>>>
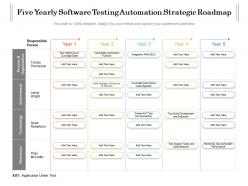 Five yearly software testing automation strategic roadmap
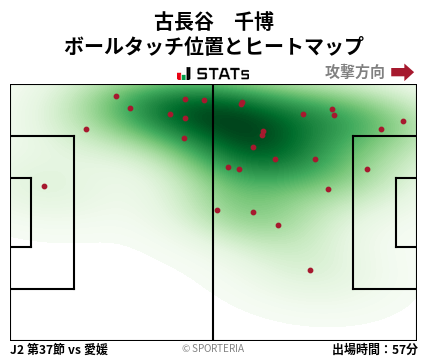 ヒートマップ - 古長谷　千博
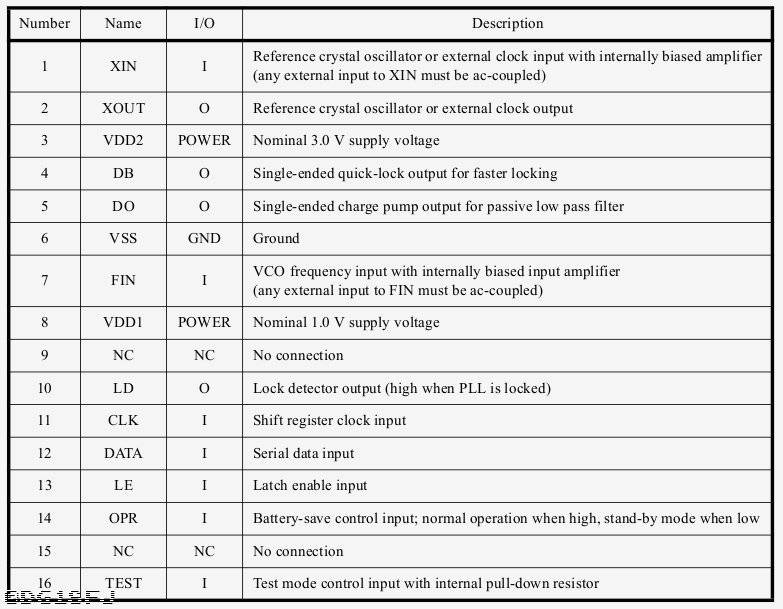 38_rx_ic_pll_pinout.jpg 38_rx_ic_pll_pinout.jpg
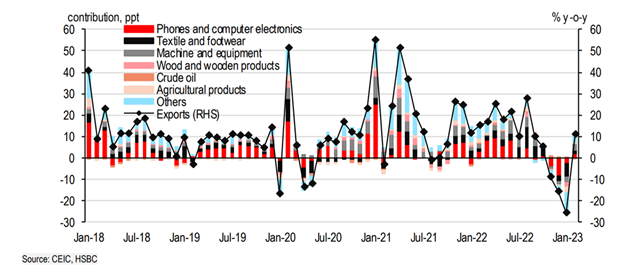 HSBC: Việt Nam vẫn có những cơ hội xuất hiện trong nghịch cảnh hình ảnh 2 HSBC: Viet Nam van co nhung co hoi xuat hien trong nghich canh hinh anh 2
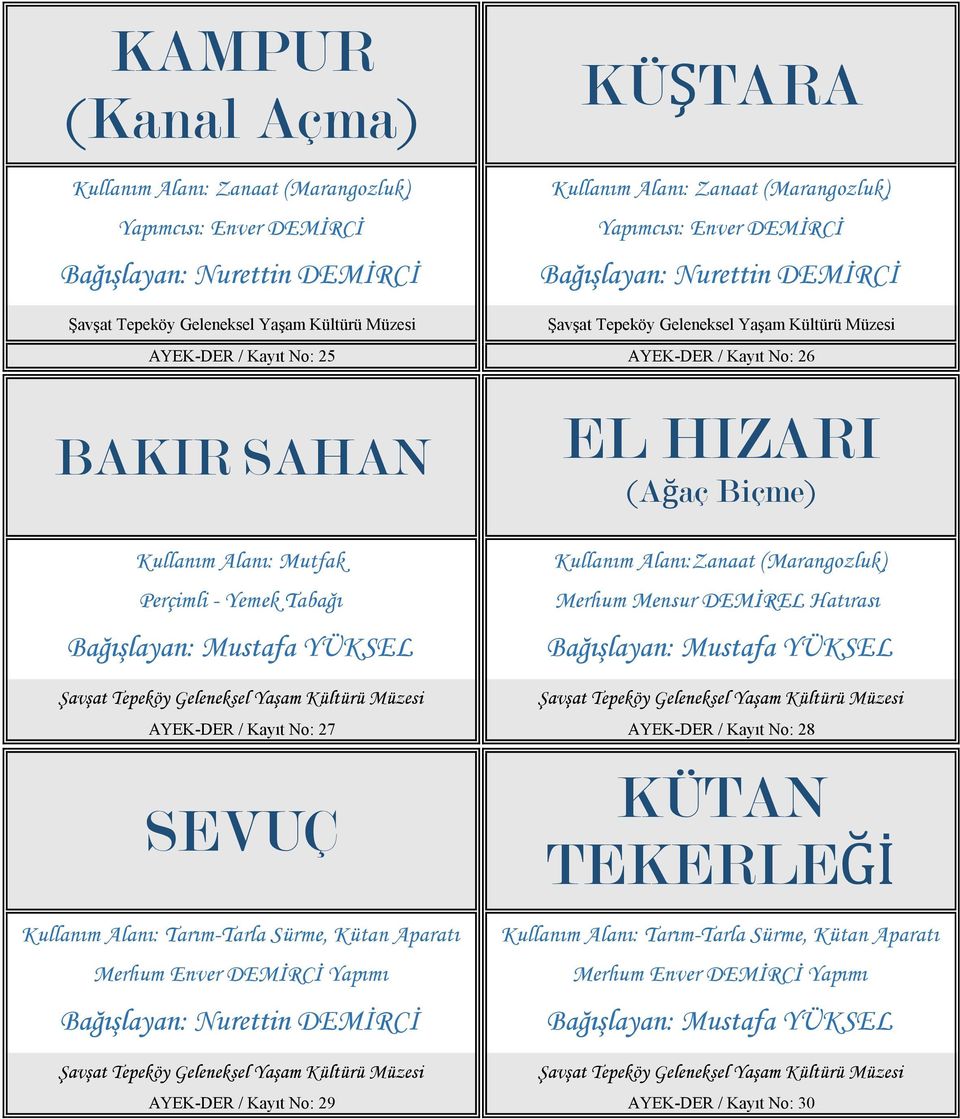 DEMİREL Hatırası AYEK-DER / Kayıt No: 27 AYEK-DER / Kayıt No: 28 SEVUÇ Kullanım Alanı: Tarım-Tarla Sürme, Kütan Aparatı Merhum Enver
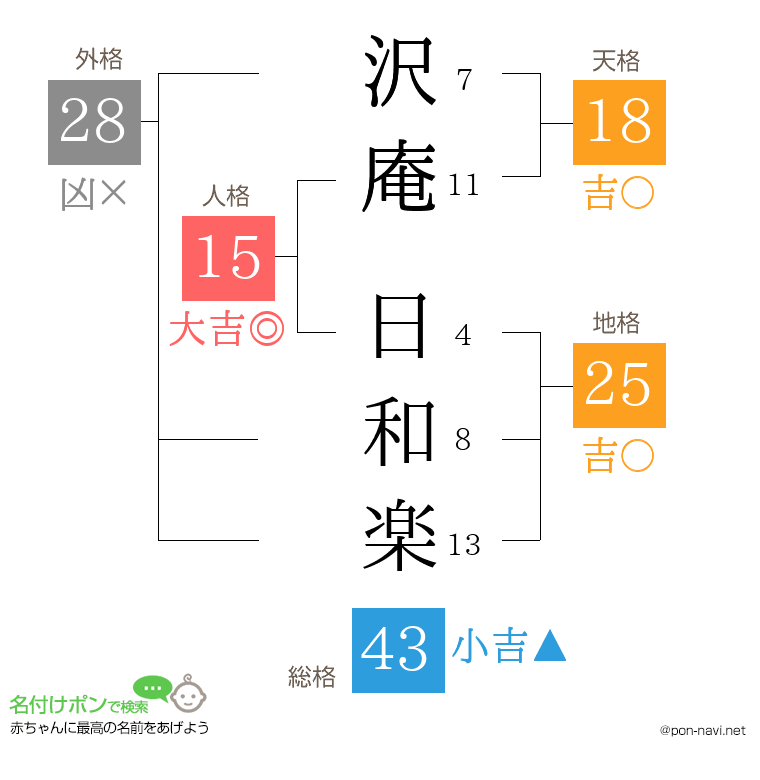 沢庵 日和楽さんの姓名判断結果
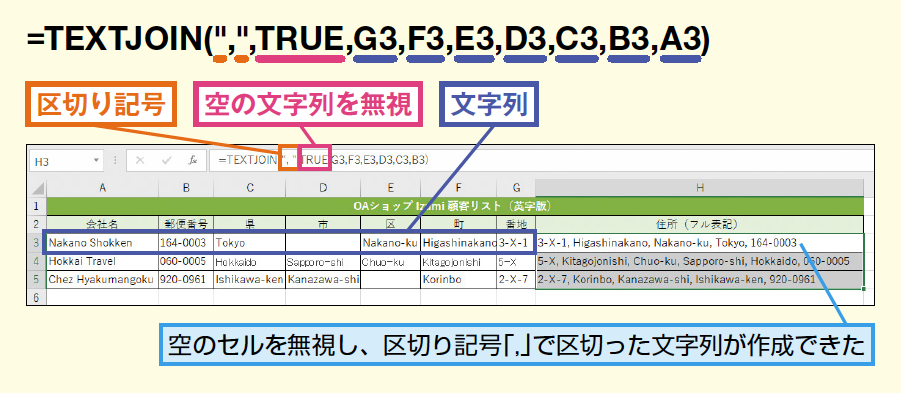 Textjoin関数の使い方 区切り記号を挿入しながら複数の文字列を連結する Excel関数 できるネット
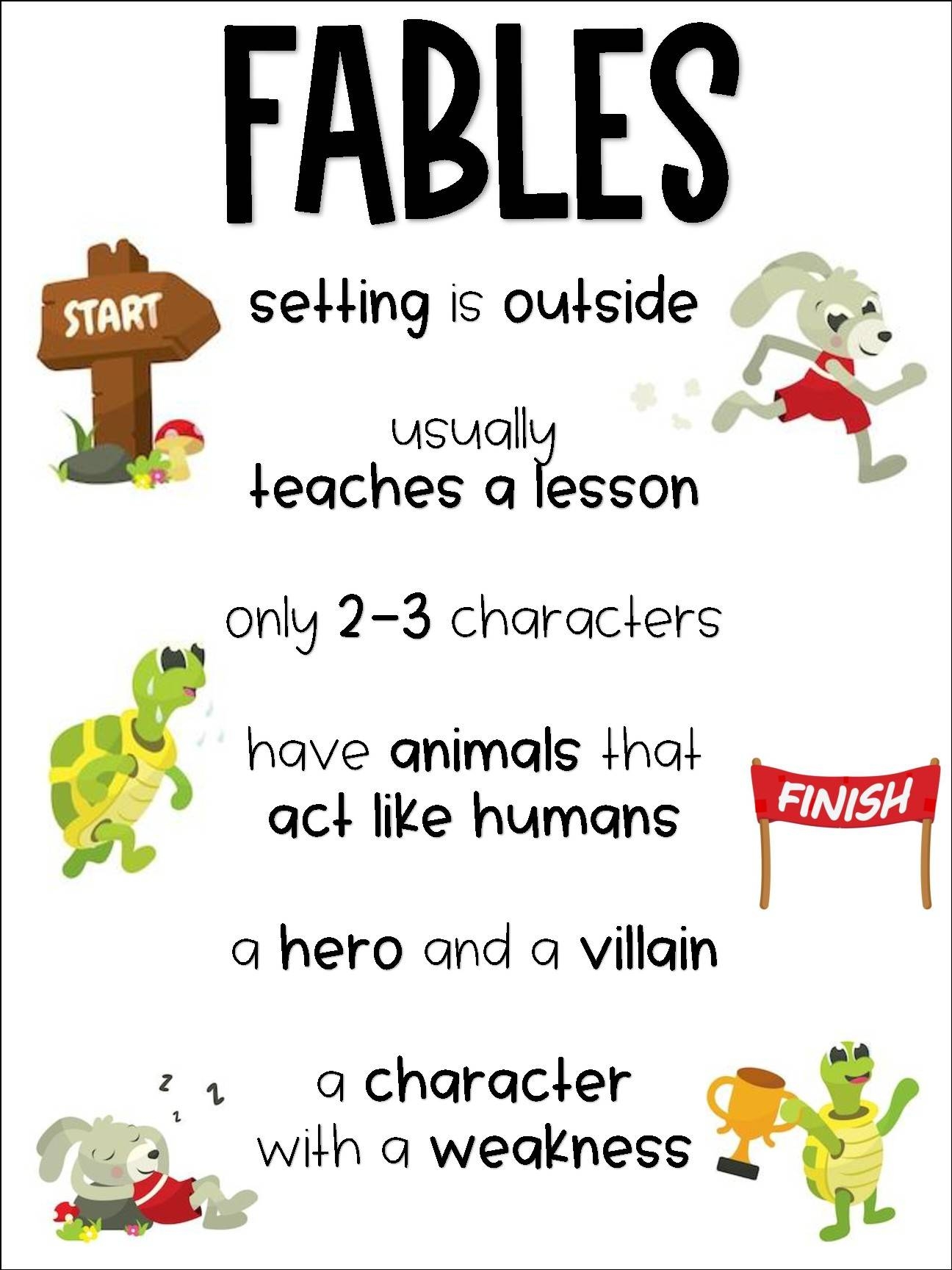 Fable Anchor Chart By Moore Anchor Charts TPT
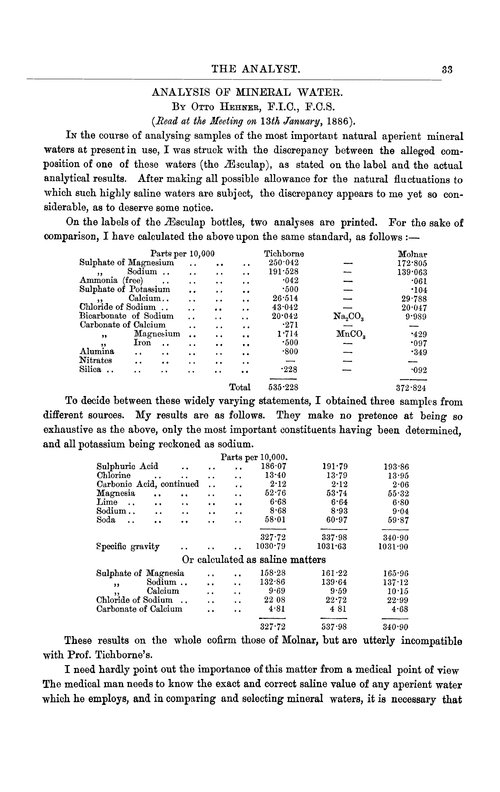 Analysis of mineral water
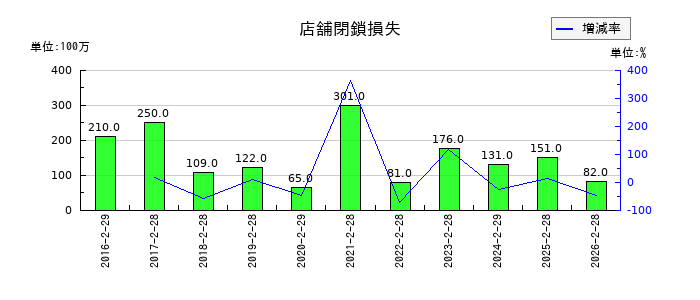 ユナイテッド・スーパーマーケット・ホールディングスの店舗閉鎖損失の推移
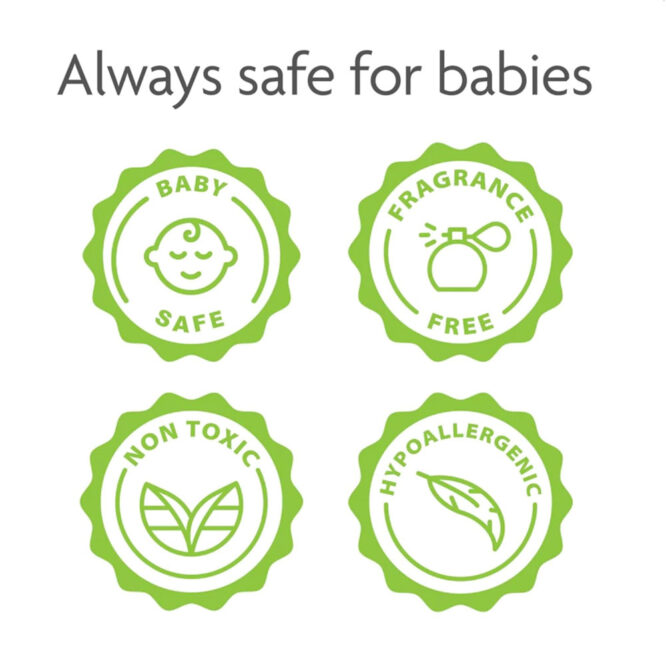 Baby Brezza Bottle Washer Pro Detergent Tablets - 120 Tablets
<<<
**What you will do:** Restate, word for word, each line from the line containing "HSBC: Việt Nam" through the end of the entries above; the pictures are not part of the copy.

**Answer box:**
 HSBC: Việt Nam vẫn có những cơ hội xuất hiện trong nghịch cảnh hình ảnh 2 HSBC: Viet Nam van co nhung co hoi xuat hien trong nghich canh hinh anh 2
 DEMİREL Hatırası AYEK-DER / Kayıt No: 27 AYEK-DER / Kayıt No: 28 SEVUÇ Kullanım Alanı: Tarım-Tarla Sürme, Kütan Aparatı Merhum Enver
 沢庵 日和楽さんの姓名判断結果
 Textjoin関数の使い方 区切り記号を挿入しながら複数の文字列を連結する Excel関数 できるネット
 Fable Anchor Chart By Moore Anchor Charts TPT
 Analysis of mineral water
 ユナイテッド・スーパーマーケット・ホールディングスの店舗閉鎖損失の推移
 Baby Brezza Bottle Washer Pro Detergent Tablets - 120 Tablets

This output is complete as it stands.